La réalité du terrain de nos forces de l'ordre est habilement retranscrite. Le site officiel du ministère de l'Intérieur a même invité en titre : « Ne ratez pas la sortie en salle du film Albatros. » Le film est en effet une réponse mezzo voce aux attaques anti-police.

Laurent le gendarme est un passionné de navigation, son grand-père fut marin pêcheur. Il héritera de la maquette d'un voilier : l’Albatros. À travers son métier, il a l'habitude de côtoyer le monde rural et notamment Julien (interprété par Geoffrey Serry, agriculteur dans la vraie vie), éleveur de vaches dans le film.

Julien incarne la quintessence du paysan français, modeste et courageux : « Mes bêtes sont mieux logées que moi », dit-il. Ou comment illustrer un cri du cœur, à l'heure où l'on accuse les éleveurs d'être des assassins. Travail dénigré, en perte de vitesse : Julien n'hésite pas à se plaindre de sa condition et de ses difficultés.

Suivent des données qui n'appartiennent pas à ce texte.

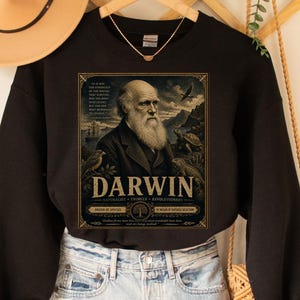 May include: A black long-sleeve sweatshirt featuring a graphic print of Charles Darwin with the text "DARWIN" and "NATURALIST - CYNICS - REVOLUTIONARY" alongside illustrations of a turtle, a bird, and a ship in a framed vintage-style design.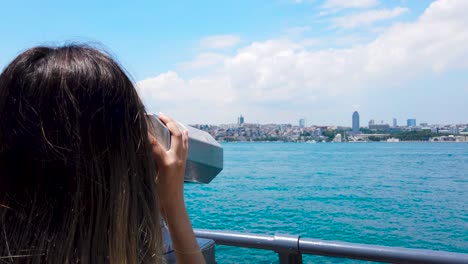 Beautiful-girl-looks-through-sightseeing-binoculars-on-Bosphorus,a-popular-destination-in-Uskudar,Istanbul,Turkey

Laurent fait tout ce qui est en son pouvoir pour soutenir Julien en profonde détresse, jusqu'à tirer dans la jambe de l'agriculteur, pensant le sauver de ses envies suicidaires. Malencontreusement, Julien succombe de sa blessure. Alors, la vie du gendarme bascule.

Tout s'accélère : enquête, médiatisation de l'affaire, justice. Cet accident de parcours, Laurent le paie au prix cher. Le « flic » semble anéanti, sans repères. Pour l'opinion publique, il est passé du stade de héros du quotidien à celui de meurtrier. Malgré le soutien plein et entier de sa compagne, de sa fille et de sa hiérarchie, Laurent quitte son village et vogue en eaux troubles.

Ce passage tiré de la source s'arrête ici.